Supplied material Block Start
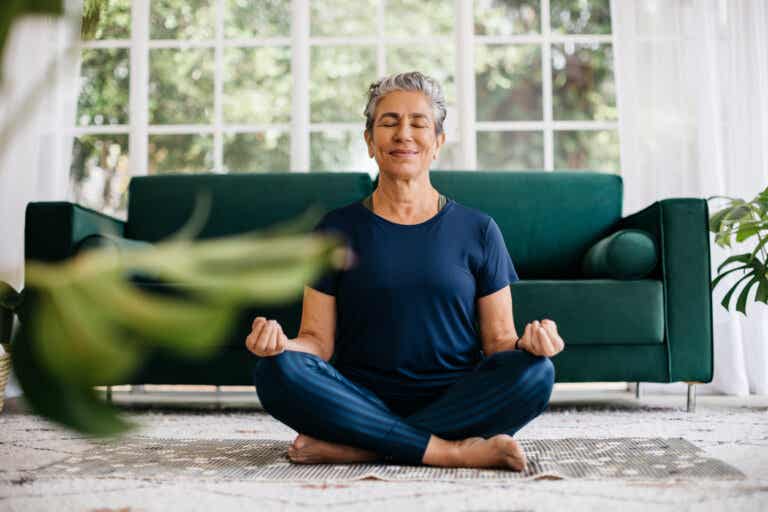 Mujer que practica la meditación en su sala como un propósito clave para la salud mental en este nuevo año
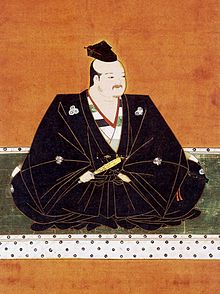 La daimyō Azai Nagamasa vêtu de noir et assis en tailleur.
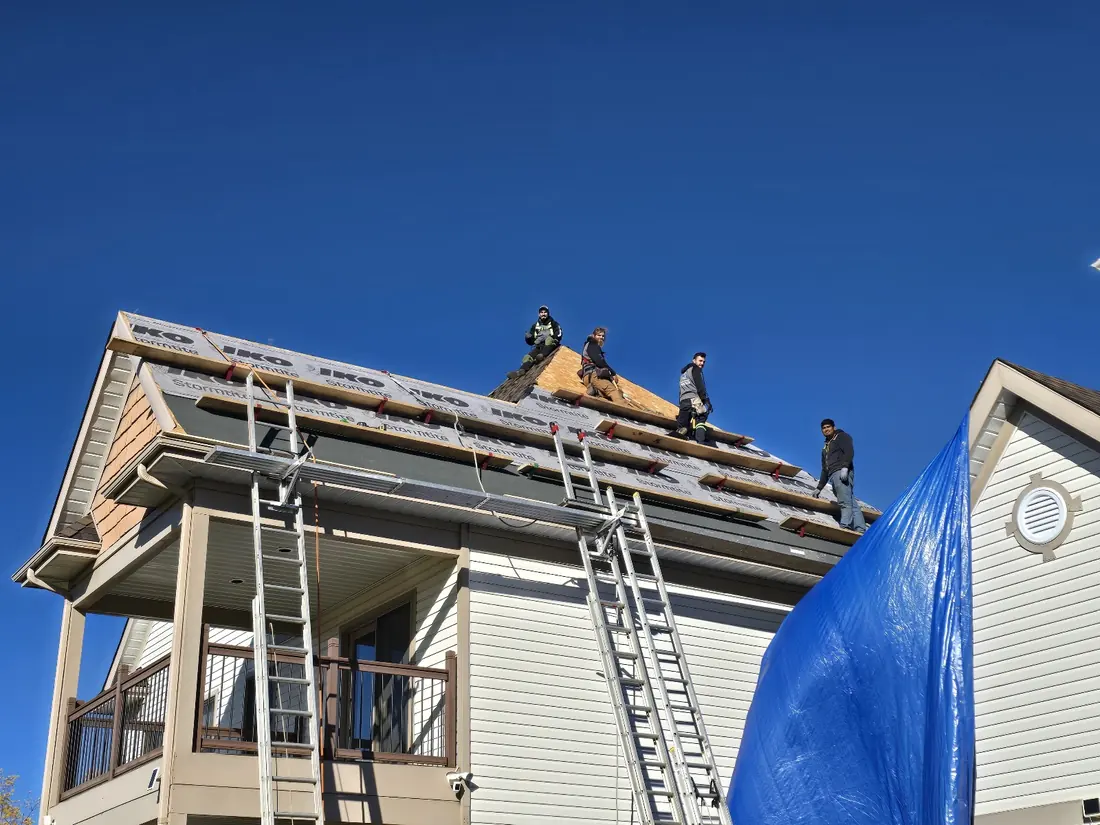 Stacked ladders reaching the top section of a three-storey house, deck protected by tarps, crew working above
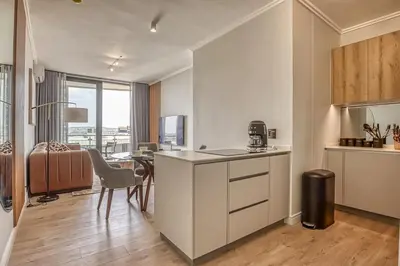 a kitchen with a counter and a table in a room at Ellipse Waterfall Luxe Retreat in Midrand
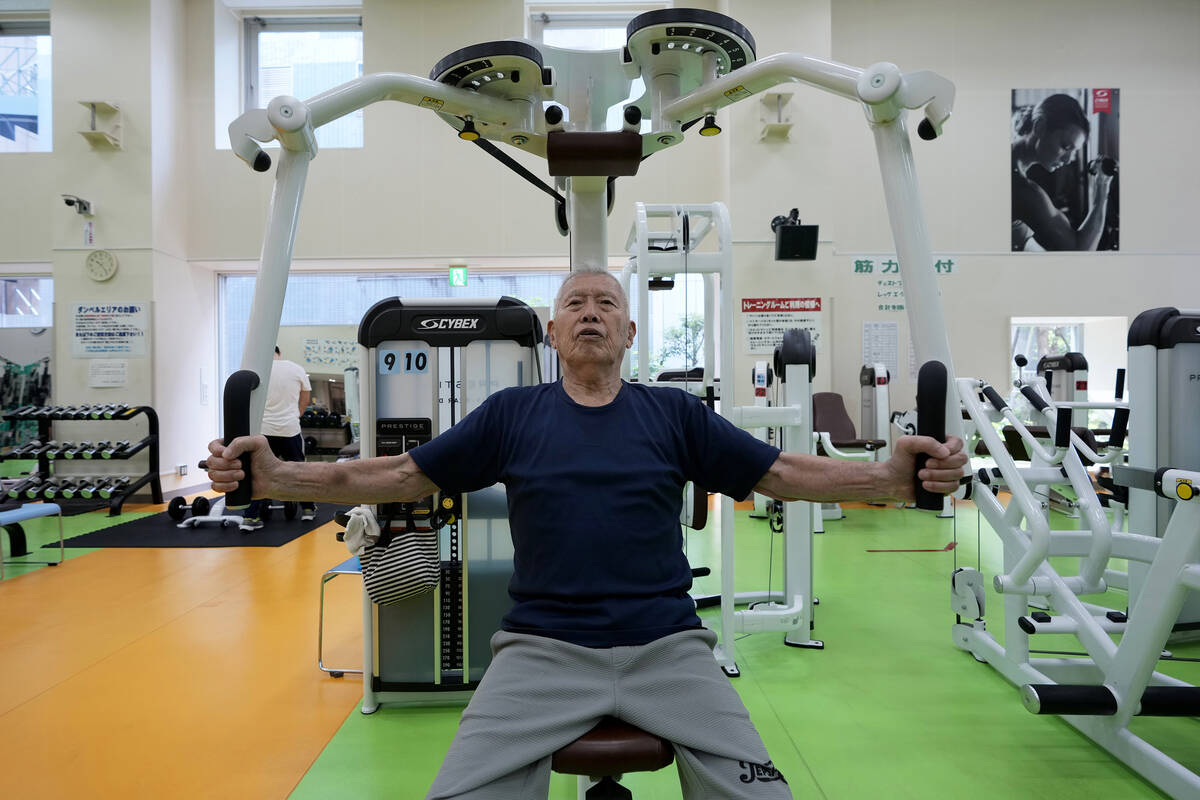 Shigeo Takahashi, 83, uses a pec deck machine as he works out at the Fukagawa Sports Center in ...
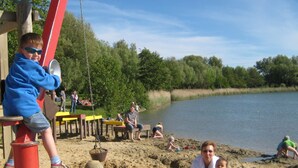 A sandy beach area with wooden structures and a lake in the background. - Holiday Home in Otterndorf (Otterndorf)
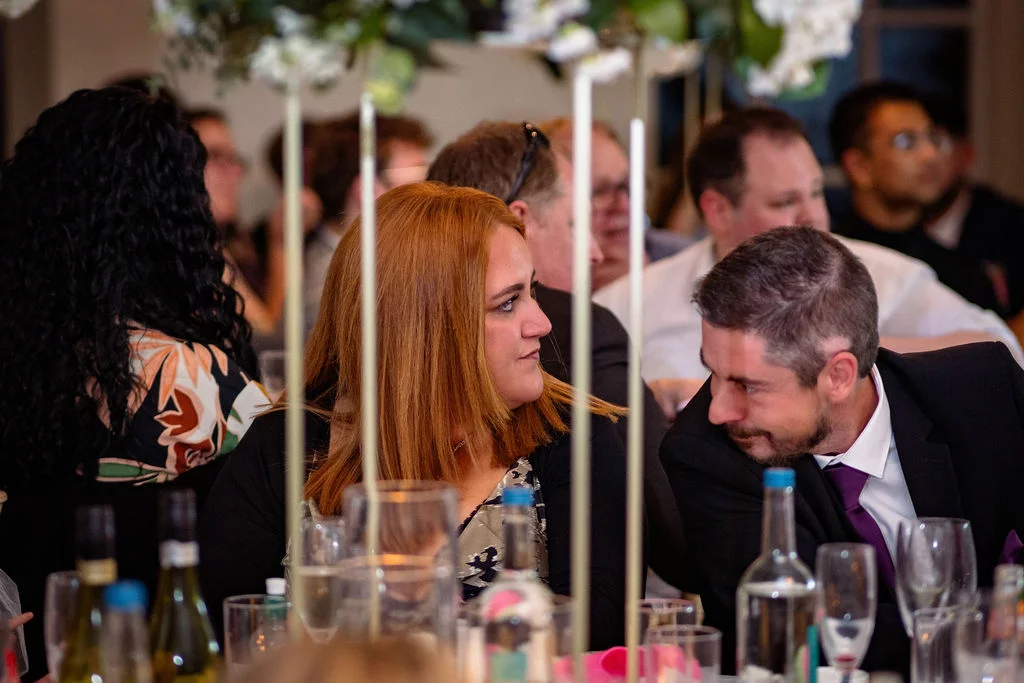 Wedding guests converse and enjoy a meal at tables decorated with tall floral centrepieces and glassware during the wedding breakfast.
Supplied material Block End
§ **Work order**: Exact copy, no images: rewrite the entire listing above.

§ **Solution below**:
 Mujer que practica la meditación en su sala como un propósito clave para la salud mental en este nuevo año
 La daimyō Azai Nagamasa vêtu de noir et assis en tailleur.
 Stacked ladders reaching the top section of a three-storey house, deck protected by tarps, crew working above
 a kitchen with a counter and a table in a room at Ellipse Waterfall Luxe Retreat in Midrand
 Shigeo Takahashi, 83, uses a pec deck machine as he works out at the Fukagawa Sports Center in ...
 A sandy beach area with wooden structures and a lake in the background. - Holiday Home in Otterndorf (Otterndorf)
 Wedding guests converse and enjoy a meal at tables decorated with tall floral centrepieces and glassware during the wedding breakfast.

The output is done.